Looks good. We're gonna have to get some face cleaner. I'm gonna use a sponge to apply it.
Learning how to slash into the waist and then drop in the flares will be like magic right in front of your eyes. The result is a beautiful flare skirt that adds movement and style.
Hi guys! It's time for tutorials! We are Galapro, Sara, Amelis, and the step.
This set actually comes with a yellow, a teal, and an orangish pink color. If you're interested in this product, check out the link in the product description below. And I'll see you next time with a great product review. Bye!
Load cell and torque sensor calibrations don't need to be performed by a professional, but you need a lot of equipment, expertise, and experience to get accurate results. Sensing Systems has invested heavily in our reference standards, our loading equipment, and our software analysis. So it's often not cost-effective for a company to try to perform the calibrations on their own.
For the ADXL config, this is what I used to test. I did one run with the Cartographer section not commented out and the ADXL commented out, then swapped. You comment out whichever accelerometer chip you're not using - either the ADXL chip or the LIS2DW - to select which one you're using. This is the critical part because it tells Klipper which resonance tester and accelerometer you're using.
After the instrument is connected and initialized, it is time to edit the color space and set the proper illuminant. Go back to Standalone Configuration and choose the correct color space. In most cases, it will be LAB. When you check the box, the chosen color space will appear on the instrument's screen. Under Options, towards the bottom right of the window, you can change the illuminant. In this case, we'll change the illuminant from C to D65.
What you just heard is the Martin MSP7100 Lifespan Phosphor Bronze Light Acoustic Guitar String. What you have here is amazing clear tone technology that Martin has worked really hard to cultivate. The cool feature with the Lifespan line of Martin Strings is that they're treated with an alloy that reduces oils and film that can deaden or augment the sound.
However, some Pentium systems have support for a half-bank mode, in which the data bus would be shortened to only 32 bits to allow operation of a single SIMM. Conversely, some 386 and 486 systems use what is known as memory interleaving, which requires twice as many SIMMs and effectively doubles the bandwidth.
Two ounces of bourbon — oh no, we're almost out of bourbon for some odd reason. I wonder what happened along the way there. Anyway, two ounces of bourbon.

◆ ◆ ◆ ◆ ◆

**EXERCISE:**
Reading through the records above, report each line in which the string "that" is found.

**OUTPUT:**
Learning how to slash into the waist and then drop in the flares will be like magic right in front of your eyes. The result is a beautiful flare skirt that adds movement and style.
What you just heard is the Martin MSP7100 Lifespan Phosphor Bronze Light Acoustic Guitar String. What you have here is amazing clear tone technology that Martin has worked really hard to cultivate. The cool feature with the Lifespan line of Martin Strings is that they're treated with an alloy that reduces oils and film that can deaden or augment the sound.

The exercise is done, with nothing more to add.